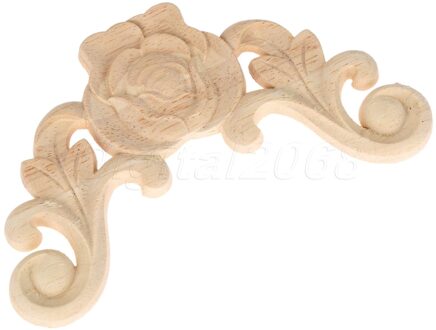 Europese Hout Gesneden Hoek Onlay Applique Unpainted Frame Deur Decal Carpenter Decoratie Meubelen Woondecoratie 8*8/10*10 CM 8cm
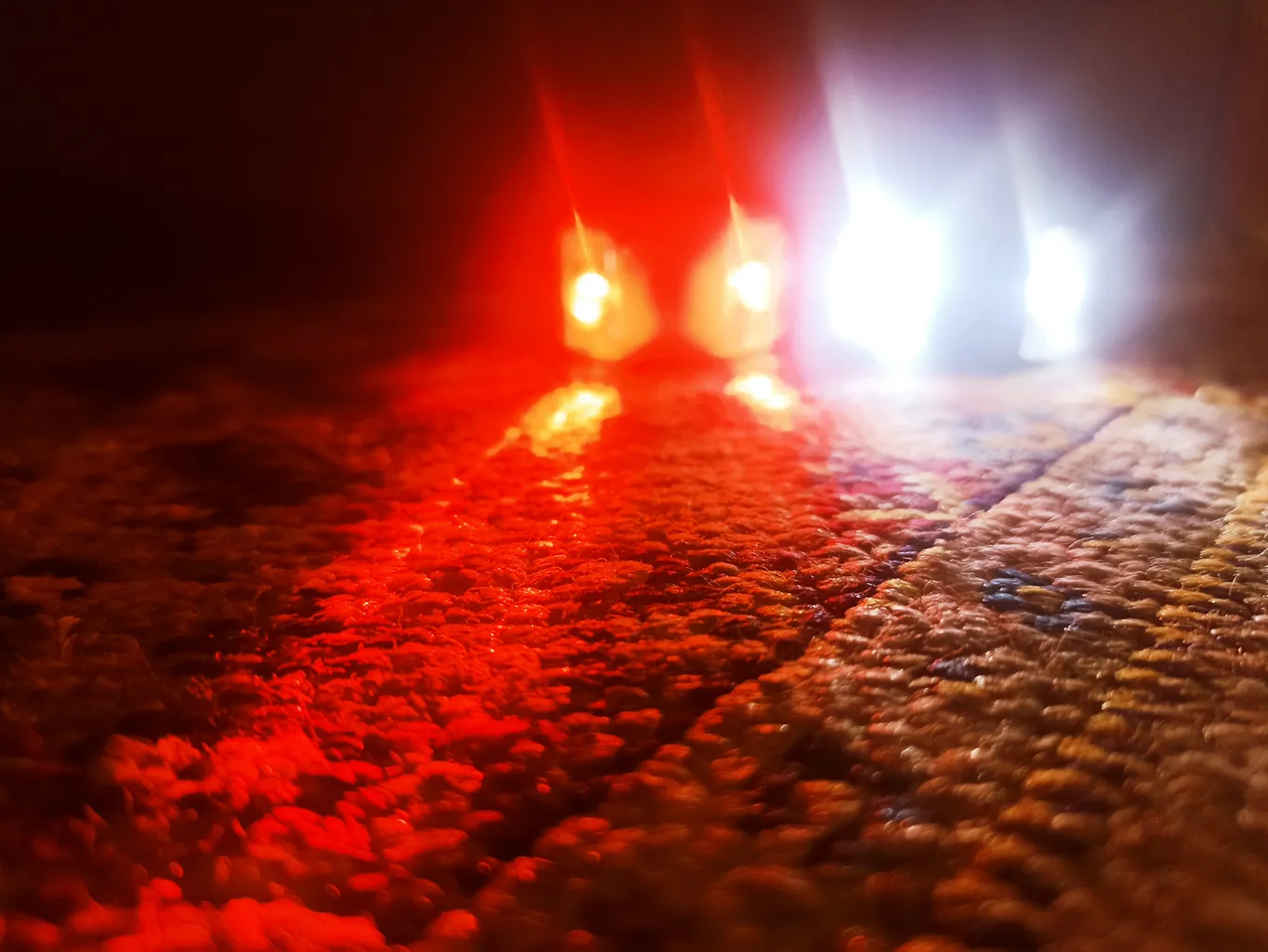 چراغ جلوی دوچرخه مدل hl009 بسته 2 عددی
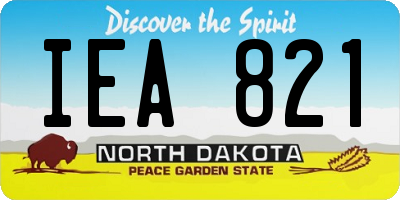 ND license plate IEA821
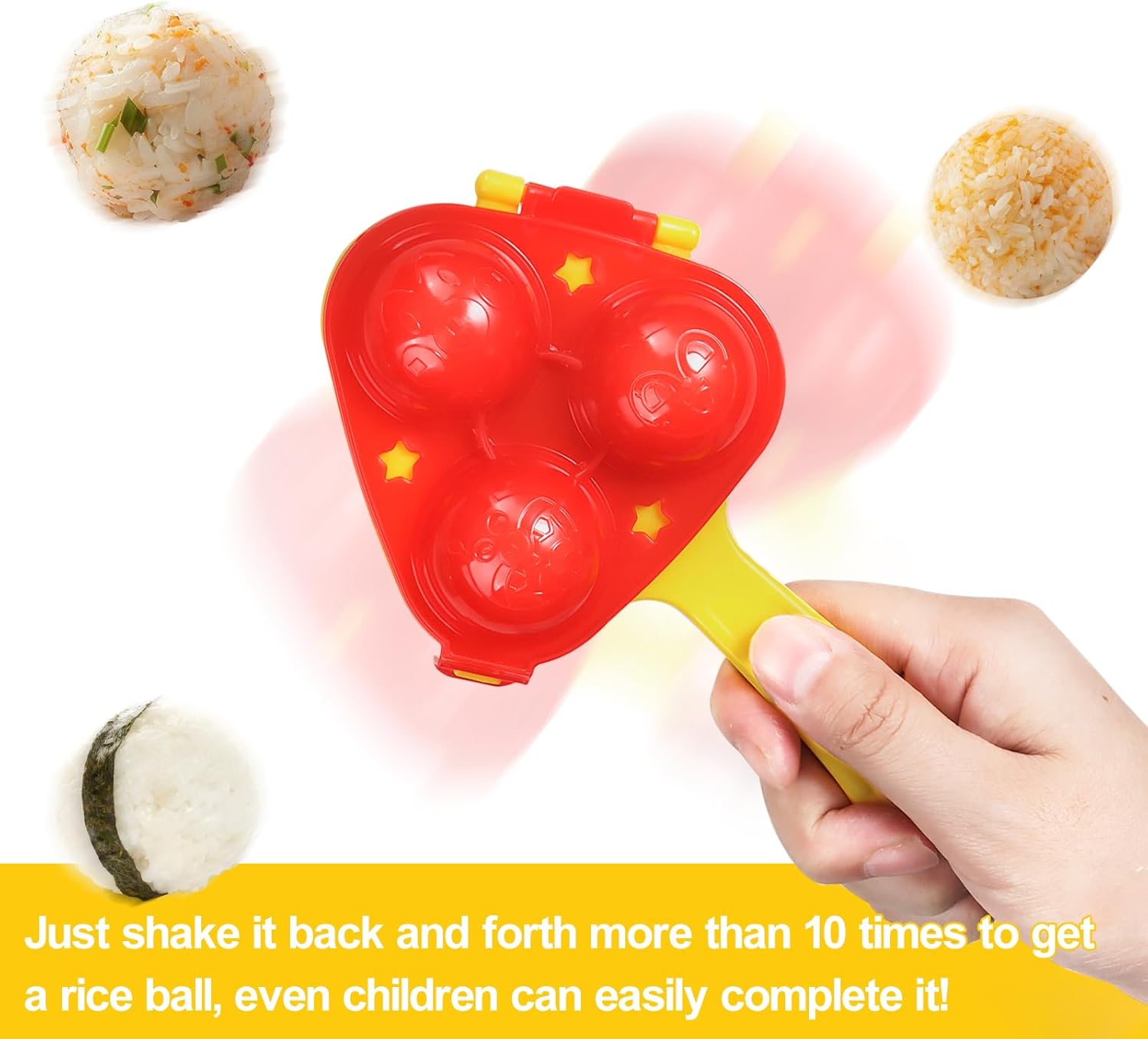 Rice Ball Mold, Upgraded Rice Ball Shaker, Onigiri Rice Ball Maker Molds for Kids, DIY Mini Shi Maker Mold - Image 2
+ + + + +
→ Work instructions
Restate exactly the lines that start at the "چراغ جلوی دوچرخه مدل hl009 بسته 2 عددی" line and end with the last line of the material above, leaving out the pictures.

→ Task result
 چراغ جلوی دوچرخه مدل hl009 بسته 2 عددی
 ND license plate IEA821
 Rice Ball Mold, Upgraded Rice Ball Shaker, Onigiri Rice Ball Maker Molds for Kids, DIY Mini Shi Maker Mold - Image 2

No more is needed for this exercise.